DATASET EXCERPT
++++++

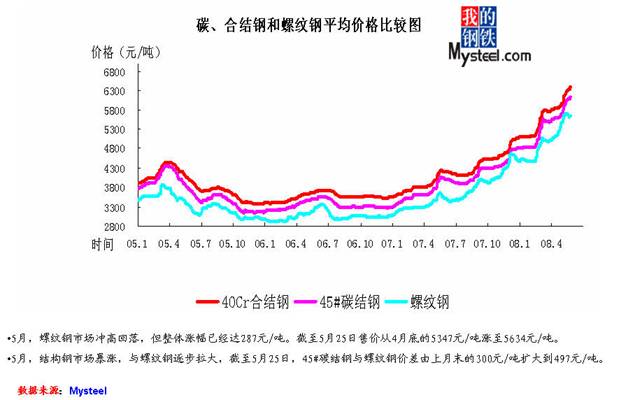 6月结构钢市场逐开云 开云体育平台步走稳(图3)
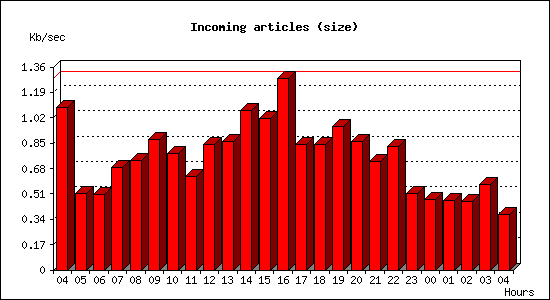 Incoming articles (size)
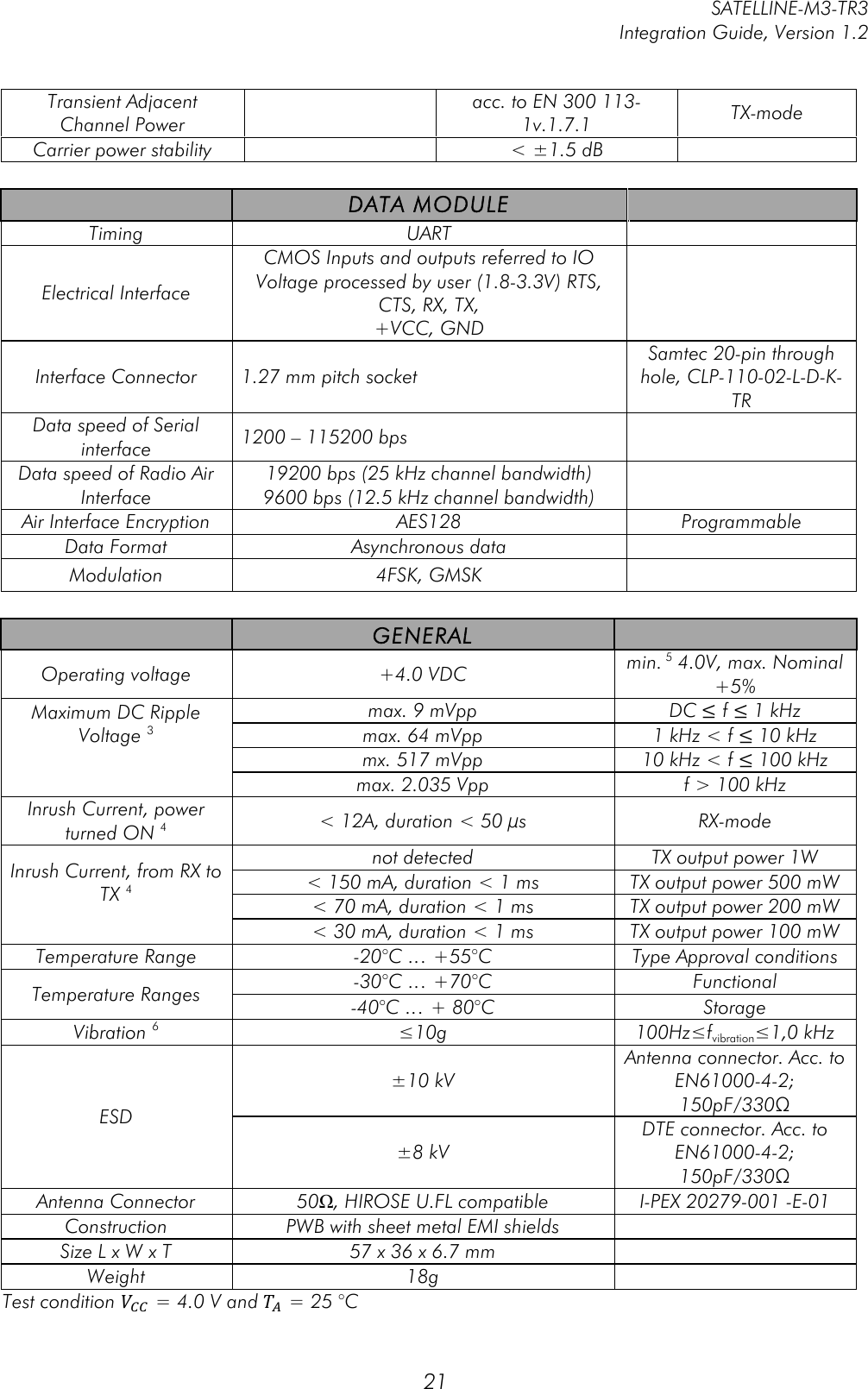         SATELLINE-M3-TR3 Integration Guide, Version 1.2  21 Transient Adjacent Channel Power  acc. to EN 300 113-1v.1.7.1 TX-mode Carrier power stability  &lt; ±1.5 dB    DATA MODULE  Timing UART  Electrical Interface CMOS Inputs and outputs referred to IO Voltage processed by user (1.8-3.3V) RTS, CTS, RX, TX, +VCC, GND  Interface Connector 1.27 mm pitch socket Samtec 20-pin through hole, CLP-110-02-L-D-K-TR Data speed of Serial interface 1200 – 115200 bps  Data speed of Radio Air Interface 19200 bps (25 kHz channel bandwidth) 9600 bps (12.5 kHz channel bandwidth)  Air Interface Encryption AES128 Programmable Data Format Asynchronous data  Modulation 4FSK, GMSK    GENERAL  Operating voltage +4.0 VDC min. 5 4.0V, max. Nominal +5% Maximum DC Ripple Voltage 3   max. 9 mVpp DC ≤ f ≤ 1 kHz max. 64 mVpp 1 kHz &lt; f ≤ 10 kHz mx. 517 mVpp 10 kHz &lt; f ≤ 100 kHz max. 2.035 Vpp f &gt; 100 kHz Inrush Current, power turned ON 4 &lt; 12A, duration &lt; 50 µs RX-mode Inrush Current, from RX to TX 4  not detected TX output power 1W &lt; 150 mA, duration &lt; 1 ms TX output power 500 mW &lt; 70 mA, duration &lt; 1 ms TX output power 200 mW &lt; 30 mA, duration &lt; 1 ms TX output power 100 mW Temperature Range -20°C … +55°C Type Approval conditions Temperature Ranges -30°C … +70°C Functional -40°C … + 80°C Storage Vibration 6 ≤10g 100Hz≤fvibration≤1,0 kHz ESD ±10 kV Antenna connector. Acc. to EN61000-4-2; 150pF/330Ω ±8 kV DTE connector. Acc. to EN61000-4-2; 150pF/330Ω Antenna Connector 50Ω, HIROSE U.FL compatible I-PEX 20279-001 -E-01 Construction PWB with sheet metal EMI shields  Size L x W x T 57 x 36 x 6.7 mm  Weight 18g  Test condition !!!  = 4.0 V and !! = 25 °C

++++++

Everything in the data except the pictures needs to be written out exactly.

 6月结构钢市场逐开云 开云体育平台步走稳(图3)
 Incoming articles (size)
         SATELLINE-M3-TR3 Integration Guide, Version 1.2  21 Transient Adjacent Channel Power  acc. to EN 300 113-1v.1.7.1 TX-mode Carrier power stability  &lt; ±1.5 dB    DATA MODULE  Timing UART  Electrical Interface CMOS Inputs and outputs referred to IO Voltage processed by user (1.8-3.3V) RTS, CTS, RX, TX, +VCC, GND  Interface Connector 1.27 mm pitch socket Samtec 20-pin through hole, CLP-110-02-L-D-K-TR Data speed of Serial interface 1200 – 115200 bps  Data speed of Radio Air Interface 19200 bps (25 kHz channel bandwidth) 9600 bps (12.5 kHz channel bandwidth)  Air Interface Encryption AES128 Programmable Data Format Asynchronous data  Modulation 4FSK, GMSK    GENERAL  Operating voltage +4.0 VDC min. 5 4.0V, max. Nominal +5% Maximum DC Ripple Voltage 3   max. 9 mVpp DC ≤ f ≤ 1 kHz max. 64 mVpp 1 kHz &lt; f ≤ 10 kHz mx. 517 mVpp 10 kHz &lt; f ≤ 100 kHz max. 2.035 Vpp f &gt; 100 kHz Inrush Current, power turned ON 4 &lt; 12A, duration &lt; 50 µs RX-mode Inrush Current, from RX to TX 4  not detected TX output power 1W &lt; 150 mA, duration &lt; 1 ms TX output power 500 mW &lt; 70 mA, duration &lt; 1 ms TX output power 200 mW &lt; 30 mA, duration &lt; 1 ms TX output power 100 mW Temperature Range -20°C … +55°C Type Approval conditions Temperature Ranges -30°C … +70°C Functional -40°C … + 80°C Storage Vibration 6 ≤10g 100Hz≤fvibration≤1,0 kHz ESD ±10 kV Antenna connector. Acc. to EN61000-4-2; 150pF/330Ω ±8 kV DTE connector. Acc. to EN61000-4-2; 150pF/330Ω Antenna Connector 50Ω, HIROSE U.FL compatible I-PEX 20279-001 -E-01 Construction PWB with sheet metal EMI shields  Size L x W x T 57 x 36 x 6.7 mm  Weight 18g  Test condition !!!  = 4.0 V and !! = 25 °C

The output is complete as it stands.